* WHAT THE TASK ASKS *
In full and word for word, copy the listing; no pictures belong in the copy.

* DATA SUPPLIED *
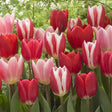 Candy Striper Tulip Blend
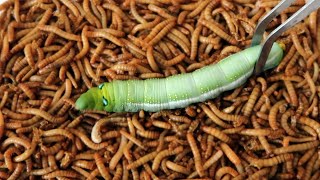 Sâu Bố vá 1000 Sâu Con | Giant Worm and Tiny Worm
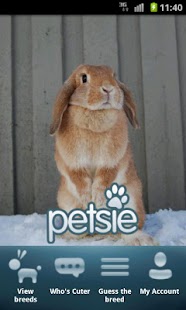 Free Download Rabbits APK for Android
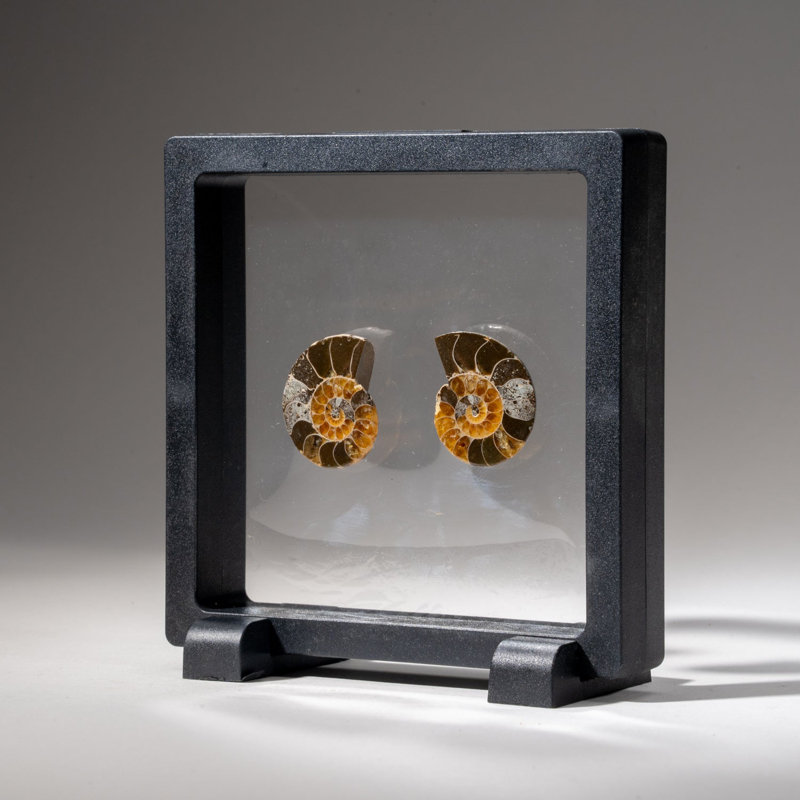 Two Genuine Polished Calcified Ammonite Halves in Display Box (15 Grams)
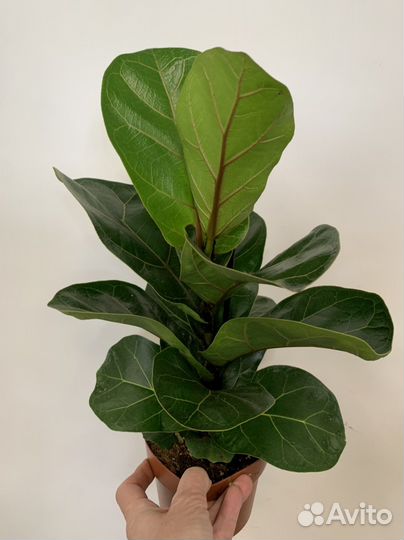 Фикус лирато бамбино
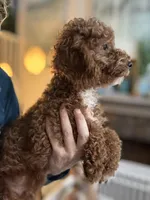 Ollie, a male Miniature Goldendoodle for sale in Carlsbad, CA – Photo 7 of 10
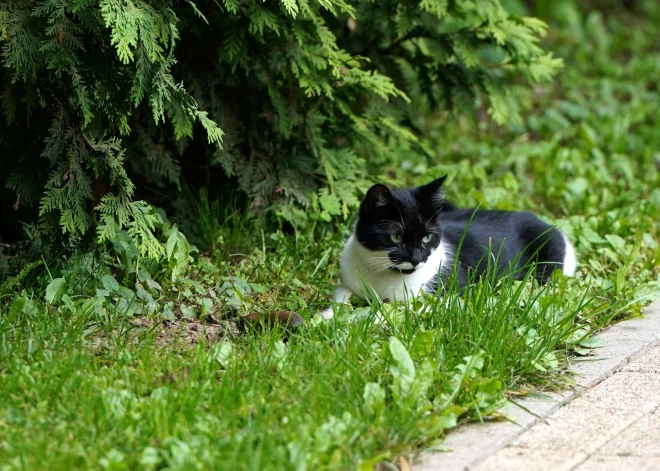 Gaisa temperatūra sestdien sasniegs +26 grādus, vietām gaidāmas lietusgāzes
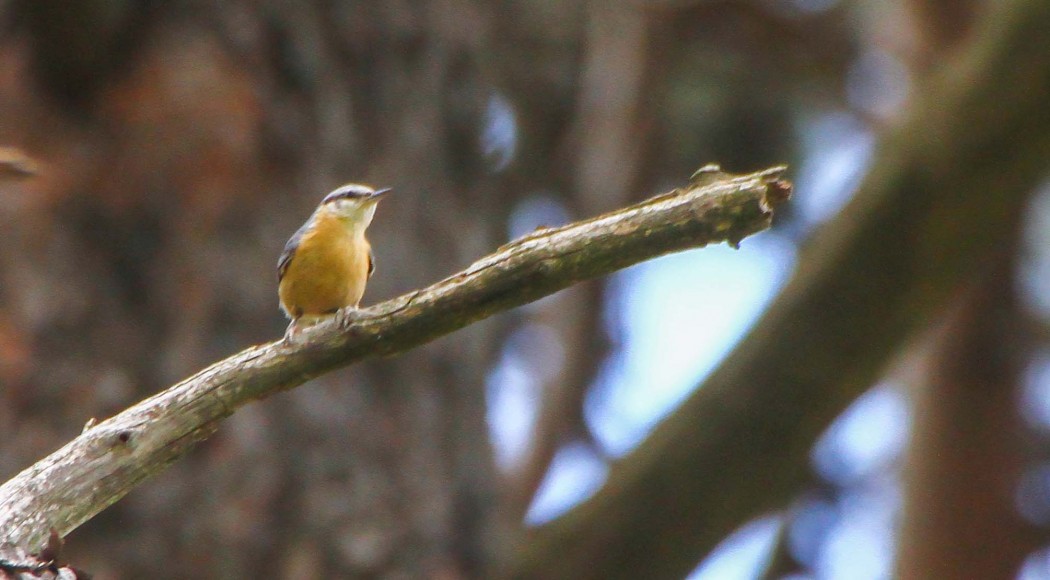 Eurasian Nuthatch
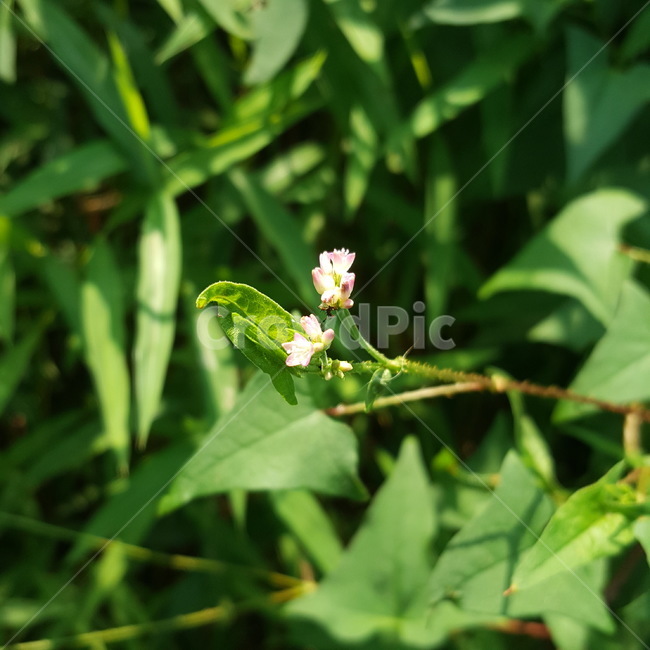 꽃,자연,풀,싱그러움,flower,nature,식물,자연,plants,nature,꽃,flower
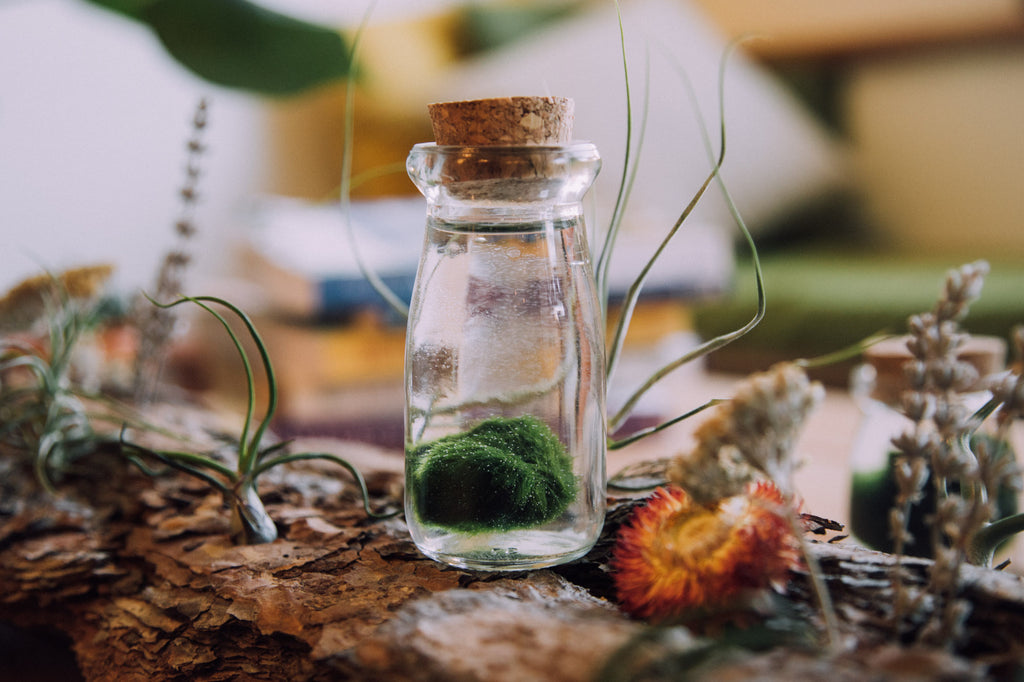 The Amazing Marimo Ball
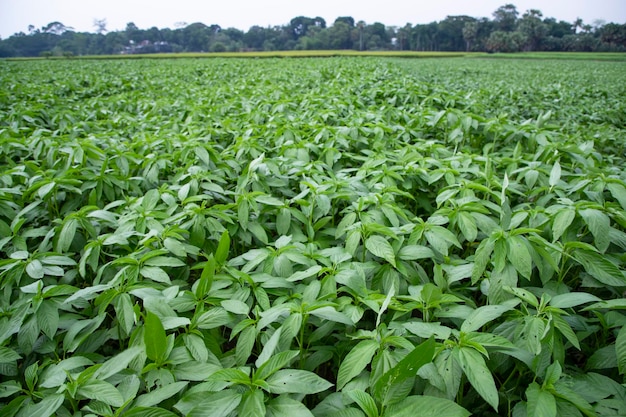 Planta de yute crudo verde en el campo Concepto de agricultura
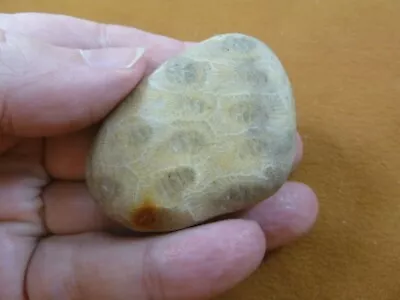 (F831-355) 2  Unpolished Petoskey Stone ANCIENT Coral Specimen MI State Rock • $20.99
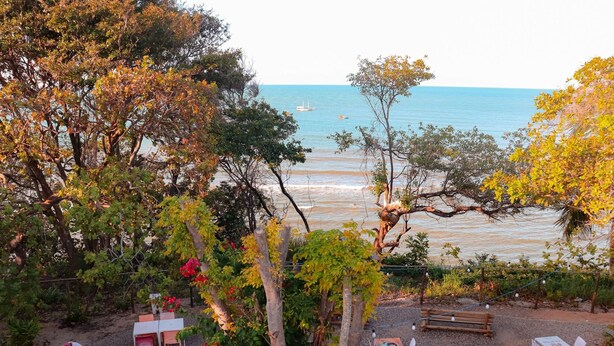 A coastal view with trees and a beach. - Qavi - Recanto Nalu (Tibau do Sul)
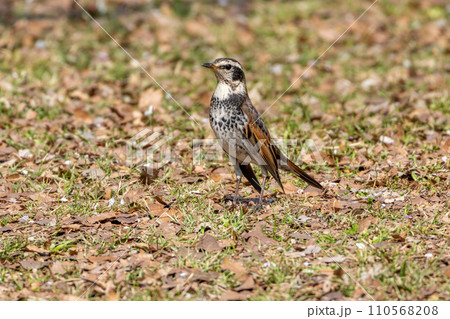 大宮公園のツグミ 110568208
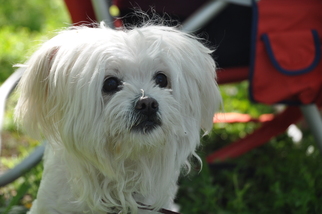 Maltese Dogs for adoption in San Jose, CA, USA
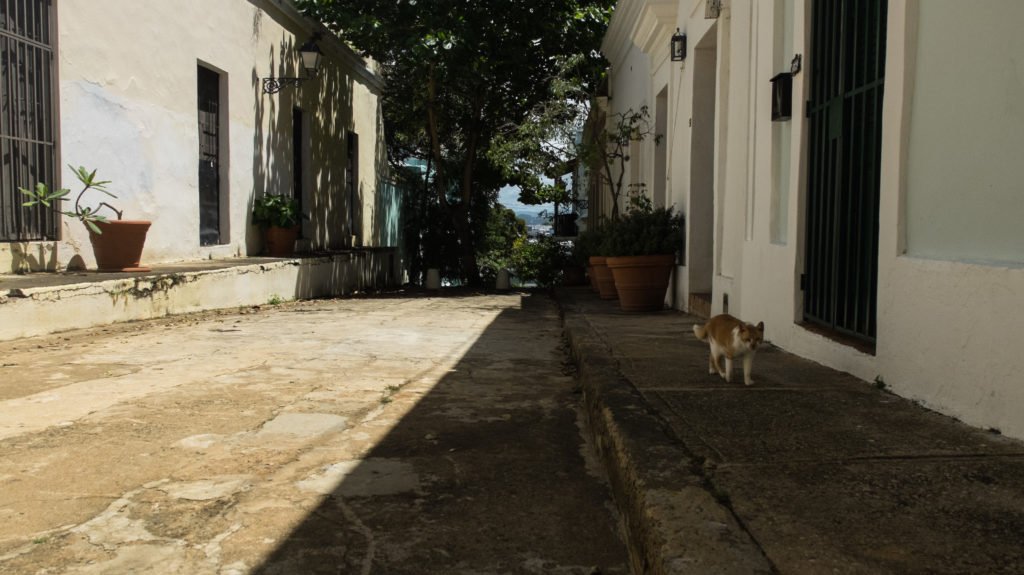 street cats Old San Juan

* SOLUTION FOR THIS PROBLEM *
 Candy Striper Tulip Blend
 Sâu Bố vá 1000 Sâu Con | Giant Worm and Tiny Worm
 Free Download Rabbits APK for Android
 Two Genuine Polished Calcified Ammonite Halves in Display Box (15 Grams)
 Фикус лирато бамбино
 Ollie, a male Miniature Goldendoodle for sale in Carlsbad, CA – Photo 7 of 10
 Gaisa temperatūra sestdien sasniegs +26 grādus, vietām gaidāmas lietusgāzes
 Eurasian Nuthatch
 꽃,자연,풀,싱그러움,flower,nature,식물,자연,plants,nature,꽃,flower
 The Amazing Marimo Ball
 Planta de yute crudo verde en el campo Concepto de agricultura
 (F831-355) 2  Unpolished Petoskey Stone ANCIENT Coral Specimen MI State Rock • $20.99
 A coastal view with trees and a beach. - Qavi - Recanto Nalu (Tibau do Sul)
 大宮公園のツグミ 110568208
 Maltese Dogs for adoption in San Jose, CA, USA
 street cats Old San Juan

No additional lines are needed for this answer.